Forgetting one of the delimiters of a traditional or Javadoc comment is a syntax error. A syntax error occurs when the compiler encounters code that violates Java’s language rules (i.e., its syntax). These rules are similar to a natural language’s grammar rules specifying sentence structure. Syntax errors are also called compiler errors, compile-time errors or compilation errors, because the compiler detects them during the compilation phase. The compiler responds by issuing an error message and preventing your program from compiling. 

Javadoc

Cited from the Book Java How to Program

Java provides comments of a third type, Javadoc comments. These are delimited by /** and */. The compiler ignores all text between the delimiters. Javadoc comments enable you to embed program documentation directly in your programs. Such comments are the preferred Java documenting format in industry. The javadoc utility program (part of the Java SE Development Kit) reads Javadoc comments and uses them to prepare your program’s documentation in HTML format.

Java CLASSPATH

Cited from How to Set CLASSPATH for Java in Windows and Linux

Classpath in Java is the path to directory or list of the directory which is used by ClassLoaders to find and load class in Java program. Classpath can be specified using CLASSPATH environment variable which is case insensitive, -cp or -classpath command line option or Class-Path attribute in manifest.mf file inside JAR file in Java. CLASSPATH is an environment variable which is used by Java Virtual Machine to locate user defined classes. 
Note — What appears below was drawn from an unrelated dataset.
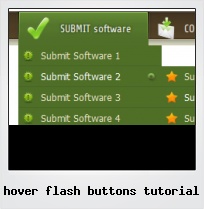 Hover Flash Buttons Tutorial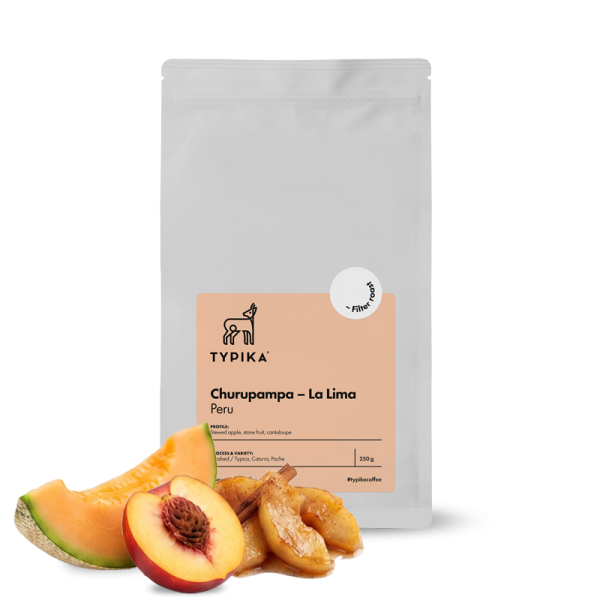 Specialty coffee Typika Peru CHURUPAMPA - La Lima Microlot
JAVA_HOME is another environment variable used to find java binaries located in JDK installation directory.

It's also worth noting that when you use the java -jar command line option to run your Java program as an executable JAR, then the CLASSPATH environment variable will be ignored, and also the -cp and -classpath switches will be ignored. In this case, you can set your Java classpath in the META-INF/MANIFEST.MF file by using the Class-Path attribute. In short Class-path attribute in manifest file overrides classpath specified by -cp, -classpath or CLASSPATH environment variable.